#### Requirement
Using the data beneath, show every line that includes the word "Team".

[[ Records provided, beginning ]]

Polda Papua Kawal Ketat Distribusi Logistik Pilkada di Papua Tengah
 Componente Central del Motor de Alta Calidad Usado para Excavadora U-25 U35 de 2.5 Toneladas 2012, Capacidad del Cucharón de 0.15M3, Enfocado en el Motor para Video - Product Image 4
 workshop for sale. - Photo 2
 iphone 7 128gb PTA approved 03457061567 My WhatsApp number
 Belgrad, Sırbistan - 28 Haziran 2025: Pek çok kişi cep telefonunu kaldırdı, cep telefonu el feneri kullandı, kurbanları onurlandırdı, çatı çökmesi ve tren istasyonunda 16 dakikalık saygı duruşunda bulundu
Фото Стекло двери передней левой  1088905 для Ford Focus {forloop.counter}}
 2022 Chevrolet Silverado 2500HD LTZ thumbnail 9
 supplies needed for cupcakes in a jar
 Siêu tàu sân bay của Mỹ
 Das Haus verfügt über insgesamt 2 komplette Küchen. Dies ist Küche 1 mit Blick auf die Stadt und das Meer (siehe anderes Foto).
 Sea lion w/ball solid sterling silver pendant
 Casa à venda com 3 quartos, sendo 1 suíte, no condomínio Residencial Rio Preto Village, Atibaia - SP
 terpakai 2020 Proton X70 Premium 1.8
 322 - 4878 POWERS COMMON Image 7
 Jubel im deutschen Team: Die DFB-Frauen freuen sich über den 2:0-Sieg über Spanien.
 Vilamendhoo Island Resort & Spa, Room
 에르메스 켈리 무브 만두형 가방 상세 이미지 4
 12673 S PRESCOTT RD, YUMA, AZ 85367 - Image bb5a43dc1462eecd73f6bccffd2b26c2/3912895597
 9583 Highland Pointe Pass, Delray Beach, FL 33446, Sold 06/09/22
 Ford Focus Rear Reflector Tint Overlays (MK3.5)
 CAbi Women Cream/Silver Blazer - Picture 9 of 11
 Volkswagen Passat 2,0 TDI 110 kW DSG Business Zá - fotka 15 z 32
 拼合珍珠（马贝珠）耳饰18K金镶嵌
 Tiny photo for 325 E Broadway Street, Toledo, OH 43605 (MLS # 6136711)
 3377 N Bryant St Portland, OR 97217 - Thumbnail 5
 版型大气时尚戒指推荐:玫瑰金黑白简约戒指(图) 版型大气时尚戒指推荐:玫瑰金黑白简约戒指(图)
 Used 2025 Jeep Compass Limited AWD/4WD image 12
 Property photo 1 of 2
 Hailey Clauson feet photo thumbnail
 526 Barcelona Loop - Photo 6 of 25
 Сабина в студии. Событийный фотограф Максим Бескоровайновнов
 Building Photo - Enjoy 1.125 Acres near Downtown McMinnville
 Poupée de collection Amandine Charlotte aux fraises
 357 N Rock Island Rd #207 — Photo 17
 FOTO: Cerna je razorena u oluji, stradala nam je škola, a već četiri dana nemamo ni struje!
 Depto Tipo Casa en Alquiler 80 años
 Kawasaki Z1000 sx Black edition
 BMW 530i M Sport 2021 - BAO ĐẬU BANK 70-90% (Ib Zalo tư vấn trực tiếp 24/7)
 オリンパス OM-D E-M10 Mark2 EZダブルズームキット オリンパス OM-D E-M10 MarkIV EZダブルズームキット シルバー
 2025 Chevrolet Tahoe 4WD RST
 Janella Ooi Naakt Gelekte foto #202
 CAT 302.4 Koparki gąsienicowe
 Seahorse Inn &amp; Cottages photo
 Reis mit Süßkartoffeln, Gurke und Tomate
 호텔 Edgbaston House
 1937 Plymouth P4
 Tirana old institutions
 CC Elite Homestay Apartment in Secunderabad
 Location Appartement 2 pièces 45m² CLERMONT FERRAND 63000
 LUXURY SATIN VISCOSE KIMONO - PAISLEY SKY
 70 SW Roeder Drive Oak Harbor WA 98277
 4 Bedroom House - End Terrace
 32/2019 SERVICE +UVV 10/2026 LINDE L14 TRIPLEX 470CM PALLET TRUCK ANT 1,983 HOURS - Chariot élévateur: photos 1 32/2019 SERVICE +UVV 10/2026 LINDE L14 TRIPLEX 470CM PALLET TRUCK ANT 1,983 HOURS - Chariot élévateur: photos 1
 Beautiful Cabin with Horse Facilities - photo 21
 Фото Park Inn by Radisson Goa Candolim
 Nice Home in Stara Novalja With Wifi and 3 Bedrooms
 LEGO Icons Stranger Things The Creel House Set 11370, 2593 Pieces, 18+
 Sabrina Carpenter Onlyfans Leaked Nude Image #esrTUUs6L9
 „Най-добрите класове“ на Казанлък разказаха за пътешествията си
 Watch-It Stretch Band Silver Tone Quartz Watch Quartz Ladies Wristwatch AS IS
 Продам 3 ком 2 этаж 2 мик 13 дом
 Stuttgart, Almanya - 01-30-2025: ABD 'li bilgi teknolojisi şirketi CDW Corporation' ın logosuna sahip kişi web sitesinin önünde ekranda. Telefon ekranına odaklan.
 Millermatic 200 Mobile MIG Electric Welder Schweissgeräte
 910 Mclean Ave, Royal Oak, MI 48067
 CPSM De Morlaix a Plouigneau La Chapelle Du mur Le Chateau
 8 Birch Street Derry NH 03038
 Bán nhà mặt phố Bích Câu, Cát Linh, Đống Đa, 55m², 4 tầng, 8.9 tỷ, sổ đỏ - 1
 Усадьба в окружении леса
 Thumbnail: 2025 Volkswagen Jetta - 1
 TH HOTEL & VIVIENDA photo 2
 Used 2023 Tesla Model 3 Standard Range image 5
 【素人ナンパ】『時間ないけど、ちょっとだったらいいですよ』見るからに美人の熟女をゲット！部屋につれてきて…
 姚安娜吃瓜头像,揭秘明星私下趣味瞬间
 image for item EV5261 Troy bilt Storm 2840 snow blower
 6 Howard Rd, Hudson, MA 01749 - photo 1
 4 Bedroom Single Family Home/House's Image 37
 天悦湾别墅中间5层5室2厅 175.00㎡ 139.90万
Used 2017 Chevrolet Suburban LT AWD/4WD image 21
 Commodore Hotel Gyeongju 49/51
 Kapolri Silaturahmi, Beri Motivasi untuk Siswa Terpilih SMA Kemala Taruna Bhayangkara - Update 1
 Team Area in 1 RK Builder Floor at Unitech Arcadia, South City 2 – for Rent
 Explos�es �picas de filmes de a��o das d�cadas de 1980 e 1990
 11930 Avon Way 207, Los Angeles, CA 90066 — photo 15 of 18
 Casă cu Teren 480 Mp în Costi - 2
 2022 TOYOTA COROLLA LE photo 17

[[ Records provided, end ]]

#### Written response
 Jubel im deutschen Team: Die DFB-Frauen freuen sich über den 2:0-Sieg über Spanien.
 Team Area in 1 RK Builder Floor at Unitech Arcadia, South City 2 – for Rent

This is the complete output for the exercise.